3

On a l'adjectif de couleur pers, entre le vert et le bleu, de registre littéraire (Larousse), qu'on associe aux yeux de Minerve/d'Athéna en mythologie. On a des emplois avec l'accord de l'adjectif en genre, au féminin, perse : « [quatre amours de robes] il y en avait une perse et une puce [marron tirant sur le brun-rouge] » (Musset). Au LBU (Le bon usage, Grevisse et Goosse, éd. Duculot, 14e, § 555) on donne des exemples où le féminin est attesté pour la couleur, dont un extrait d'une œuvre d'Alexandre Dumas fils :

Du reste, il y avait de quoi faire des emplettes. Le mobilier était superbe. Meubles de bois de rose et de Boule, vases de Sèvres et de Chine, statuettes de Saxe, satin, velours et dentelle, rien n'y manquait.

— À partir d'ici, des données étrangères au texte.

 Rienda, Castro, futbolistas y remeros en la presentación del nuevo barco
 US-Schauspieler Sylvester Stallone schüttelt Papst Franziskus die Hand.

Je me promenai dans l'appartement et je suivis les nobles curieuses qui m'y avaient précédé. Elles entrèrent dans une chambre tendue d'étoffe perse, et j'allais y entrer aussi, quand elles en sortirent presque aussitôt en souriant et comme si elles eussent eu honte de cette nouvelle curiosité. [...]

[ La dame aux camélias (aussi ici), Alexandre Dumas fils, 1848. ]

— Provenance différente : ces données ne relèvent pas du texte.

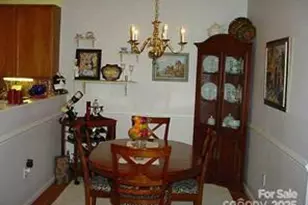 4492 Antelope Ln, Charlotte, NC 28269 - Photo 5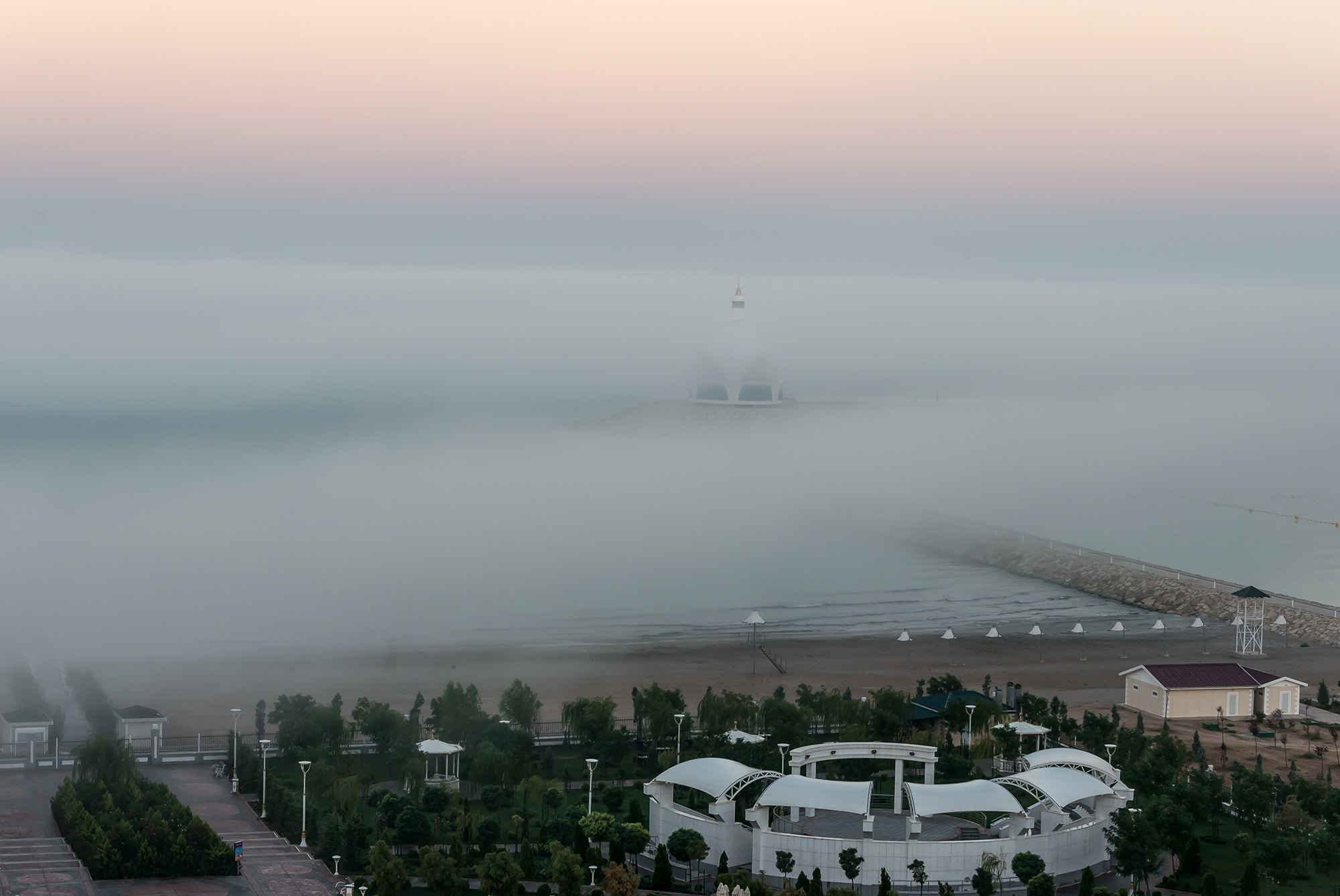 Каспий. Туманное утро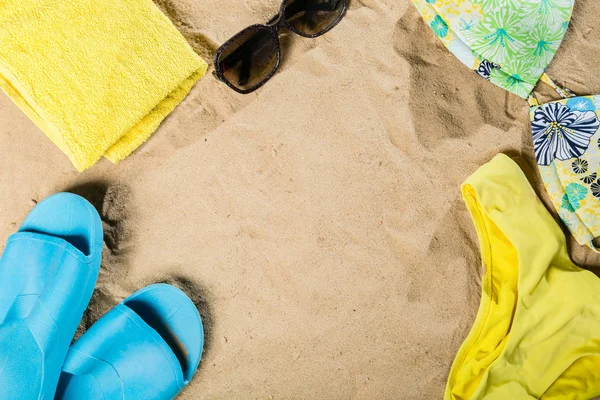 Summer concept - bathing suit, sunglasses, flip flops, towel — Stock Photo, Image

Il y a homonymie et perse veut aussi dire qui se rapporte à la Perse ancienne, tel l'adjectif persan ; art perse/persan figure aux deux vedettes du TLFi. Le verbe tendre peut signifier recouvrir le(s) mur(s), « [d]ans une petite pièce [...] on avait tendu un papier vert [...] » (Daudet), ou tapisser, « [e]lle [...], tendit à nouveau son appartement, l'embellit de fleurs » (Balzac).


  • Qu'est-ce qui fait dire que l'auteur (Dumas) parle de la couleur pers(e) et non de l'origine de l'étoffe (perse/persane) ; un syntagme avec tendre dans le sens dont on a discuté ou avec étoffe oriente-t-il un apport en qualification ou en complémentation particulier au profit d'une sémantique ou d'une autre ?
  • Le contexte de la phrase, la connaissance de l’œuvre en particulier (aussi de La Traviata de Verdi), de l'ensemble de l’œuvre de Dumas fils et de son style sont-ils d'un quelconque secours ici ; la certitude pour la couleur reposerait-elle sur une preuve documentaire des lieux associés à la personne ayant inspiré Dumas (Marie Duplessis) ??
3
  • Première question: probablement le contexte tout entier, y compris une connaissance de l'ameublement de l'époque. Sur la base du texte présenté uniquement, il est à mon avis impossible de trancher. Ce serait donc un problème de référence culturelle plus que de langage.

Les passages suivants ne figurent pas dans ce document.